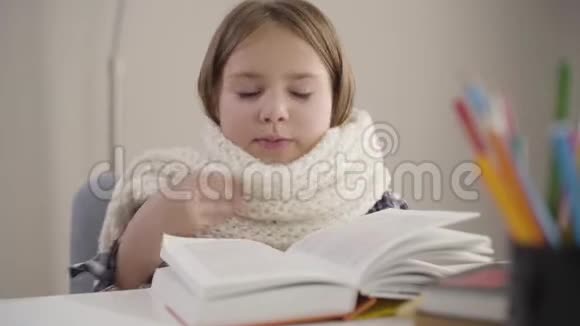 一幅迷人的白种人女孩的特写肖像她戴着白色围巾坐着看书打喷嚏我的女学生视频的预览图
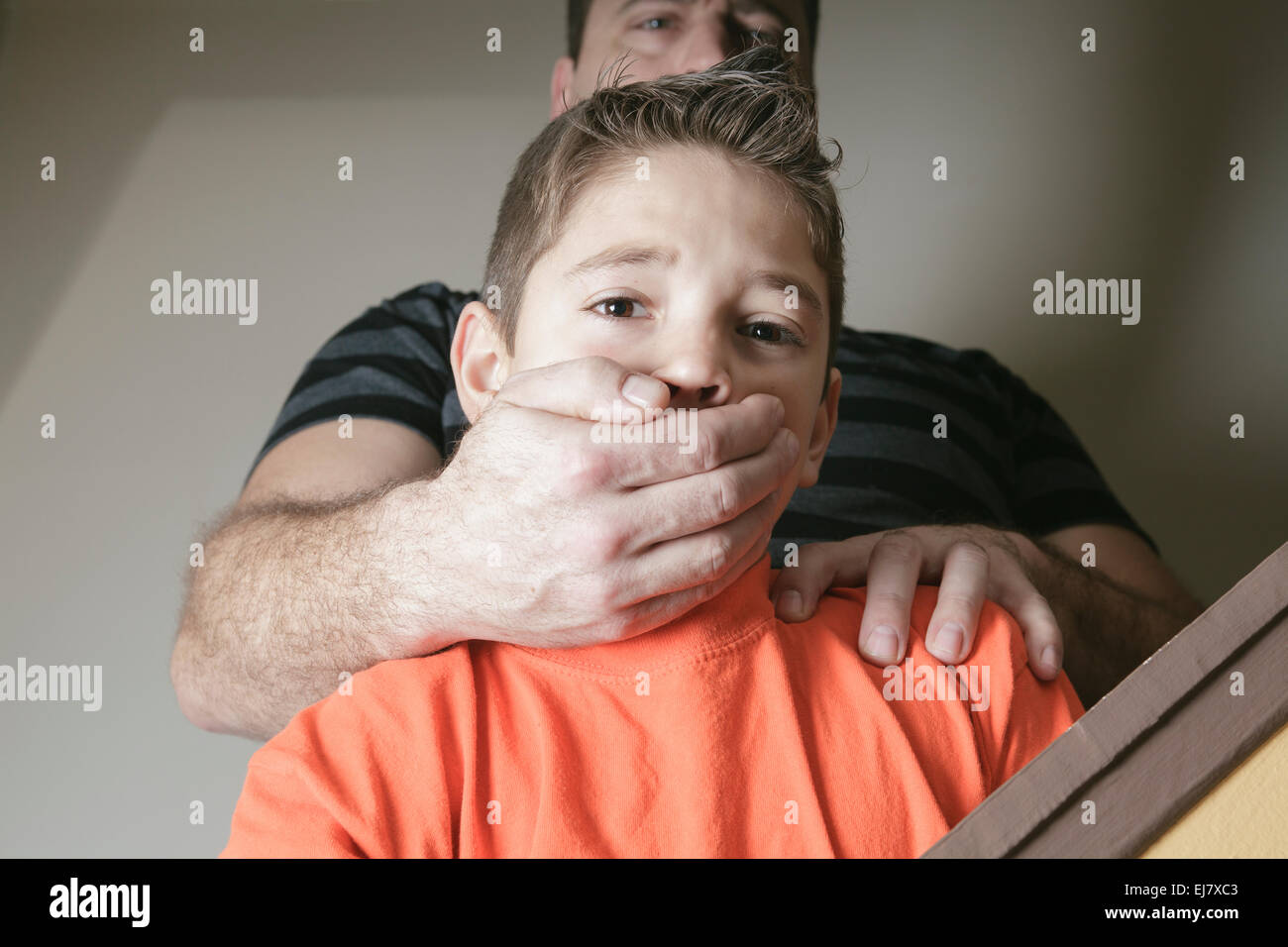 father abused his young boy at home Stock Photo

...

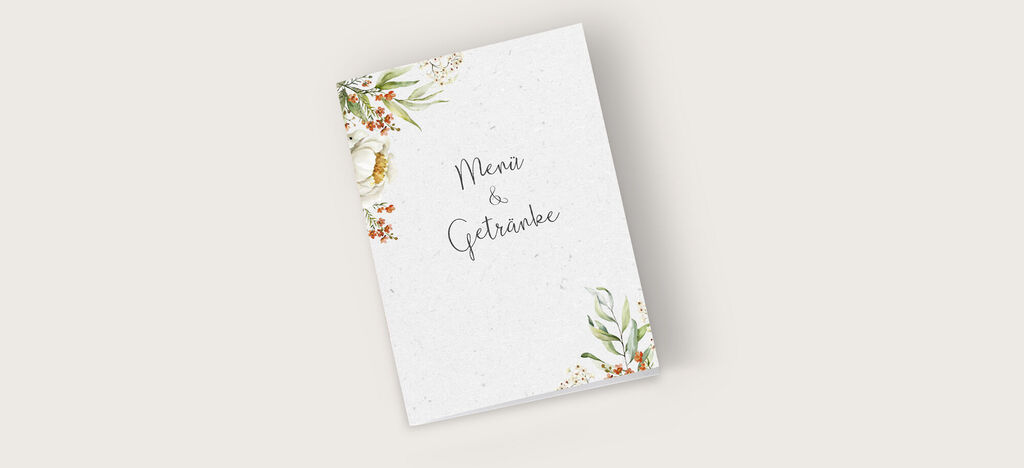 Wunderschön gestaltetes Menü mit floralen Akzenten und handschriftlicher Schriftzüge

• Task requirements: In the entries above, every line from the line with "一幅迷人的白种人女孩的特写肖" to the line with "father abused his" is to be printed exactly, with both ends included and pictures excluded.

• Finished exercise:
 一幅迷人的白种人女孩的特写肖像她戴着白色围巾坐着看书打喷嚏我的女学生视频的预览图
 father abused his young boy at home Stock Photo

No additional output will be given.